- [TASK STATEMENT]
Exact copy, pictures excluded: write out every line below.

- [DATA TO PROCESS]
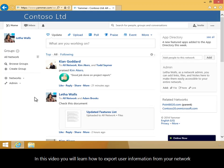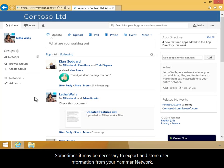In this video you will learn how to export user information from your network. Sometimes it may be necessary to export and store user information from your Yammer network.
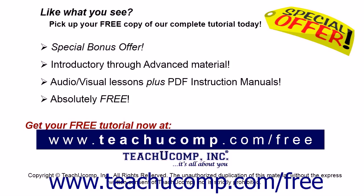Like what you see? Pick up your free copy of the complete tutorial at www.teachucomp.com forward slash free.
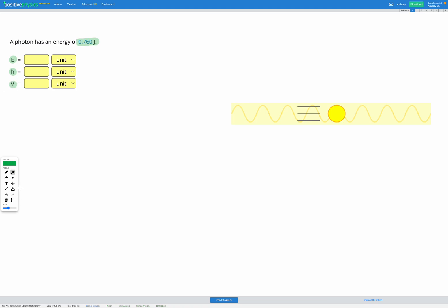So let's start by filling in our energy because we know that we were given it in the question: 0.760 joules.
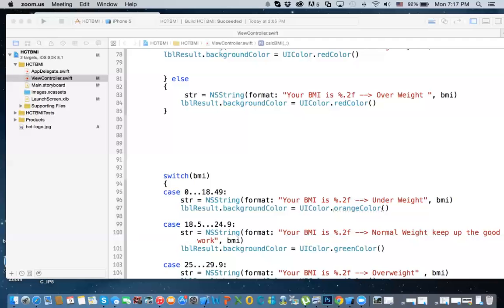Hi everybody. This is a continuation to Swift and Xcode. We're actually going to learn how to use the if statement, some variables, and the switch statement we've learned in the playground, and apply it in an app — a simple app that does a BMI calculation.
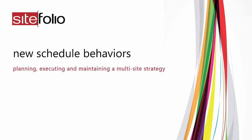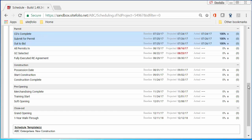Use the calendar to change any date in your schedule this September. Sitefolio project schedules are simple to set up with built-in dependencies and durations.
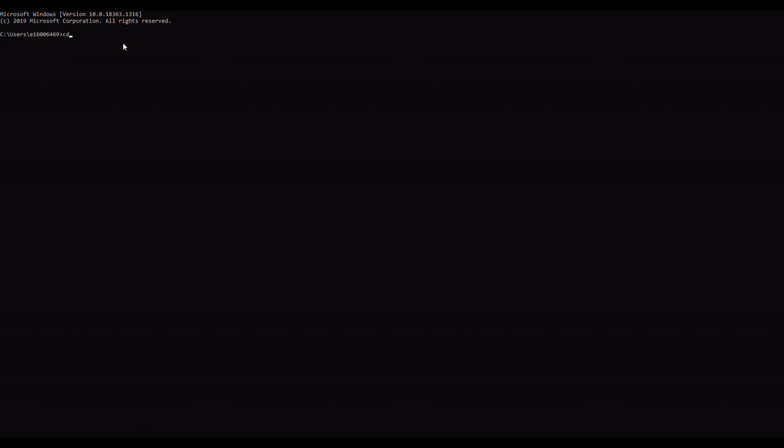So the first thing I'm going to do is navigate to my data. Make sure that I know how to type that in.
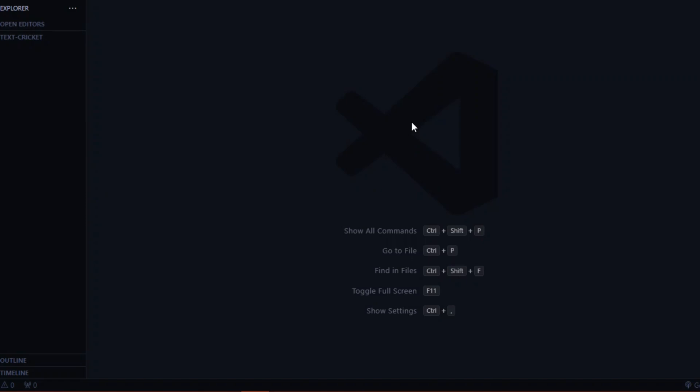Today we are going to create a text-based cricket game, or rather a cricket word game. Let's first understand what we are going to make. Everyone knows what cricket is and how it is played. A cricket game is played in two parts: first innings and second innings. The major challenge is how we are going to make that in code.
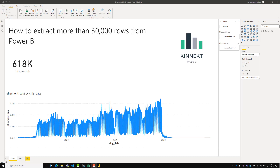Hey everybody, it's Hayden from Connect. Welcome back. Today's video I'm just going to show you a neat new trick I learned on extracting data from Power BI. I had a project recently where I needed to do some further analysis on the data and I wanted to get a dump of the data into Python.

- [RESULT OF THIS TASK]
In this video you will learn how to export user information from your network. Sometimes it may be necessary to export and store user information from your Yammer network.
Like what you see? Pick up your free copy of the complete tutorial at www.teachucomp.com forward slash free.
So let's start by filling in our energy because we know that we were given it in the question: 0.760 joules.
Hi everybody. This is a continuation to Swift and Xcode. We're actually going to learn how to use the if statement, some variables, and the switch statement we've learned in the playground, and apply it in an app — a simple app that does a BMI calculation.
Use the calendar to change any date in your schedule this September. Sitefolio project schedules are simple to set up with built-in dependencies and durations.
So the first thing I'm going to do is navigate to my data. Make sure that I know how to type that in.
Today we are going to create a text-based cricket game, or rather a cricket word game. Let's first understand what we are going to make. Everyone knows what cricket is and how it is played. A cricket game is played in two parts: first innings and second innings. The major challenge is how we are going to make that in code.
Hey everybody, it's Hayden from Connect. Welcome back. Today's video I'm just going to show you a neat new trick I learned on extracting data from Power BI. I had a project recently where I needed to do some further analysis on the data and I wanted to get a dump of the data into Python.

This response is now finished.